11. Transfer of rights and obligations
11.1 You may not transfer, assign or otherwise dispose of a Contract, or any of your rights or obligations arising under it, without our prior written consent.
11.2 We may transfer, assign, charge, sub-contract or otherwise dispose of a Contract, or any of our rights or obligations arising under it, at any time during the term of the Contract.
12. Events outside our control
We will not be liable or responsible for any failure to perform, or delay in performance of, any of our obligations under a Contract that is caused by events outside our reasonable control.
13.1 If we fail, at any time during the term of a Contract, to insist upon strict performance of any of your obligations under the Contract or any of these terms and conditions, or if we fail to exercise any of the rights or remedies to which we are entitled under the Contract, this shall not constitute a waiver of such rights or remedies and shall not relieve you from compliance with such obligations.
13.2 A waiver by us of any default shall not constitute a waiver of any subsequent default.
13.3 No waiver by us of any of these terms and conditions shall be effective unless it is expressly stated to be a waiver and is communicated to you in writing in accordance with clause 14 above.
If any of these terms and Conditions or any provisions of a Contract are determined by any competent authority to be invalid, unlawful or unenforceable to any extent, such term, condition or provision will to that extent be severed from the remaining terms, conditions and provisions which will continue to be valid to the fullest extent permitted by law.
15. Entire agreement
15.1 These terms and conditions and any document expressly referred to in them represent the entire agreement between us in relation to the subject matter of any Contract and supersede any prior agreement, understanding or arrangement between us, whether oral or in writing.
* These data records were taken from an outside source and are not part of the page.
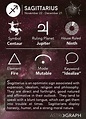 ASTROGRAPH - Sagittarius in Astrology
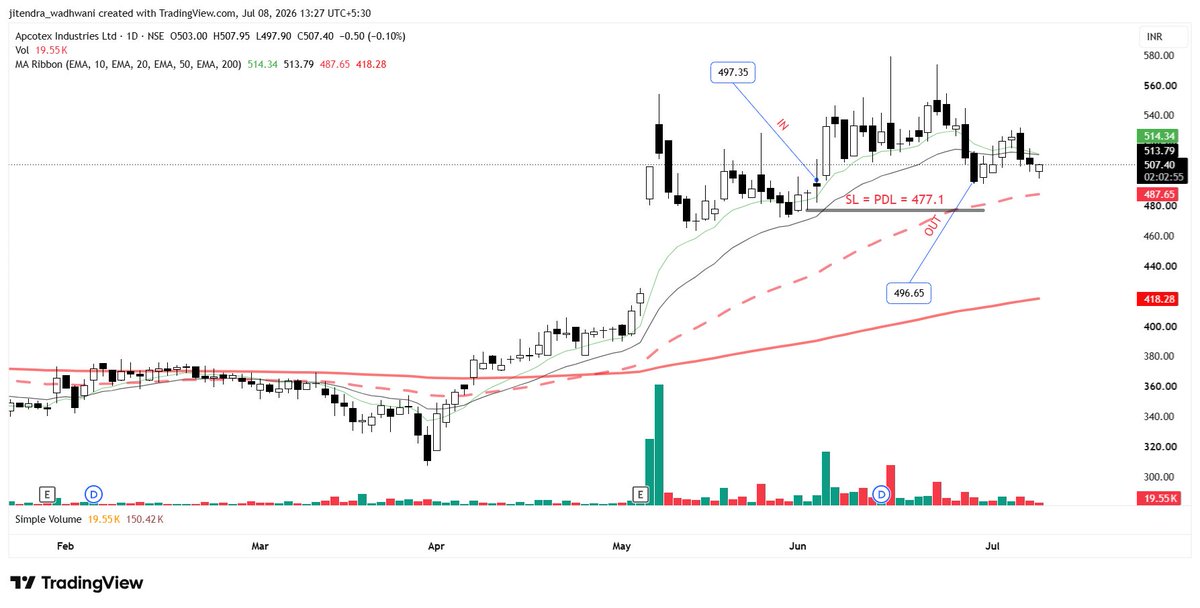 JitendraRW's tweet photo. OUT @ 496.58 @ 29th June
( -0.03 R ) Breakeven Trade
#APCOTEXIND https://t.co/6gfukDeK4c
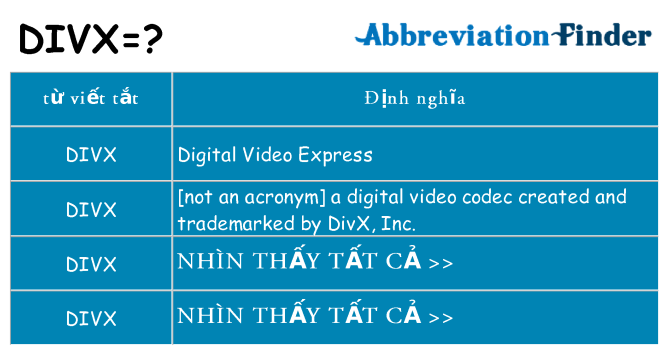 divx hiện những gì đứng cho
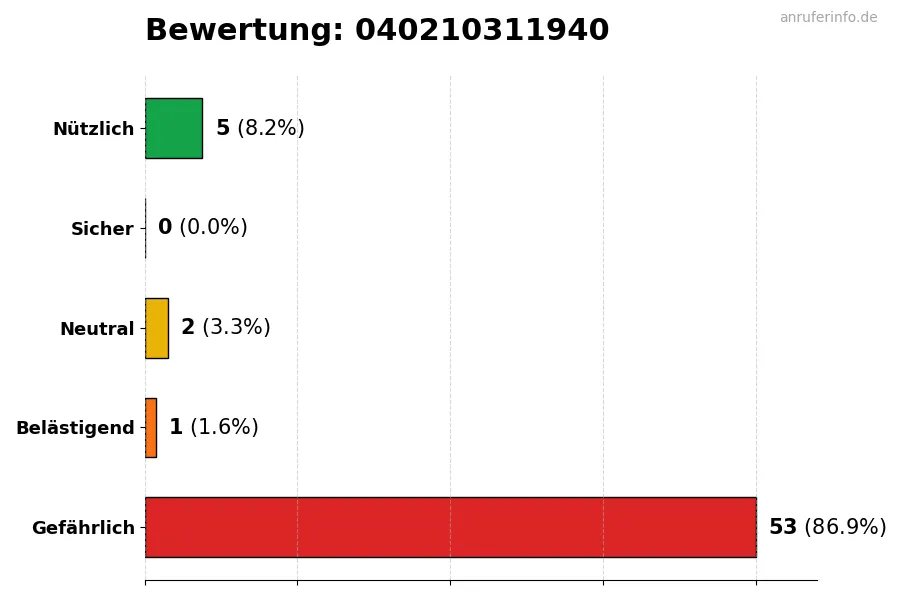 Diagramm, das die Benutzerbewertungen auf einer Skala von 1 bis 5 für die Nummer 040210311940 darstellt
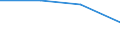 Unit of measure: Rate / Severity (days lost): 4 days or over / Sex: Total / Statistical classification of economic activities in the European Community (NACE Rev. 1.1): Manufacturing / Geopolitical entity (reporting): Switzerland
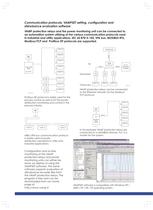 Vamp Protection Relays - 4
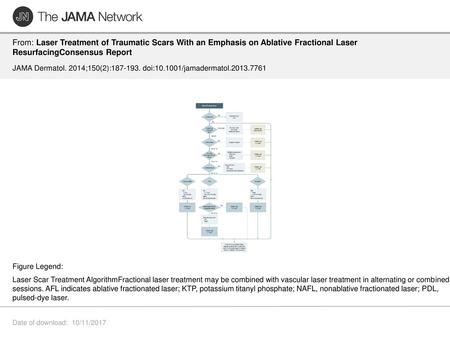 From: Laser Treatment of Traumatic Scars With an Emphasis on Ablative Fractional Laser ResurfacingConsensus Report JAMA Dermatol. 2014;150(2):187-193.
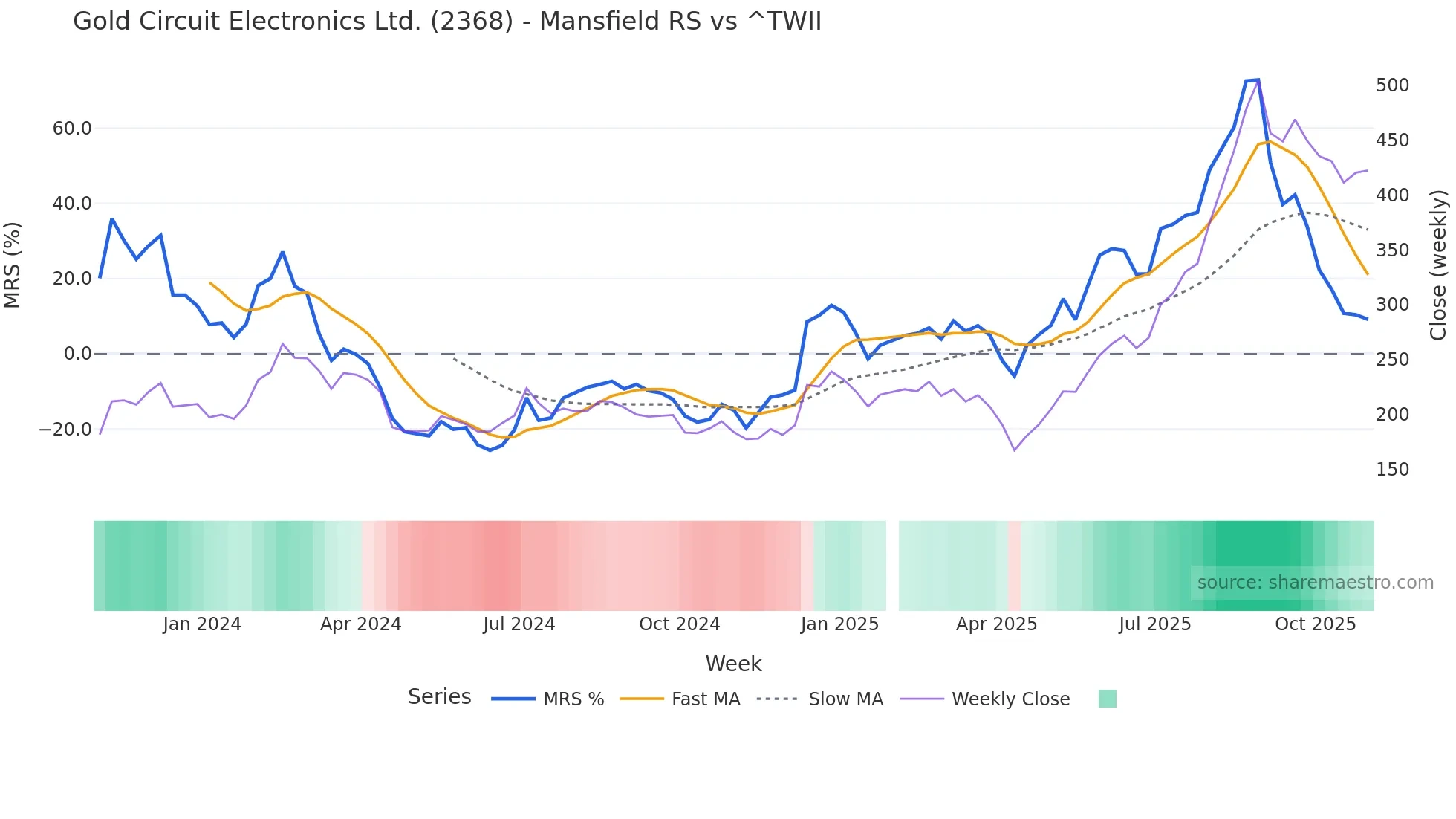 2368 Mansfield Relative Strength chart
15.2 We each acknowledge that, in entering into a Contract, neither of us has relied on any representation, undertaking or promise given by the other or be implied from anything said or written in negotiations between us prior to such Contract except as expressly stated in these terms and conditions.
15.3 Neither of us shall have any remedy in respect of any untrue statement made by the other, whether orally or in writing, prior to the date of any Contract (unless such untrue statement was made fraudulently) and the other party’s only remedy shall be for breach of contract as provided in these terms and conditions.
16. Our right to vary these terms and conditions
16.1 We have the right to revise and amend these terms and conditions from time to time.
16.2 You will be subject to the policies and terms and conditions in force at the time that you order Courses from us, unless any change to those policies or these terms and conditions is required to be made by law or governmental authority (in which case it will apply to orders previously placed by you), or if we notify you of the change to those policies or these terms and conditions before we send you the Download Confirmation (in which case we have the right to assume that you have accepted the change to the terms and conditions, unless you notify us to the contrary within seven working days of receipt by you of the Course).
17. Law and jurisdiction
Contracts for the purchase of Courses through our site and any dispute or claim arising out of or in connection with them or their subject matter or formation (including non-contractual disputes or claims) will be governed by English law. Any dispute or claim arising out of or in connection with such Contracts or their formation (including non-contractual disputes or claims) shall be subject to the exclusive jurisdiction of the courts of England and Wales.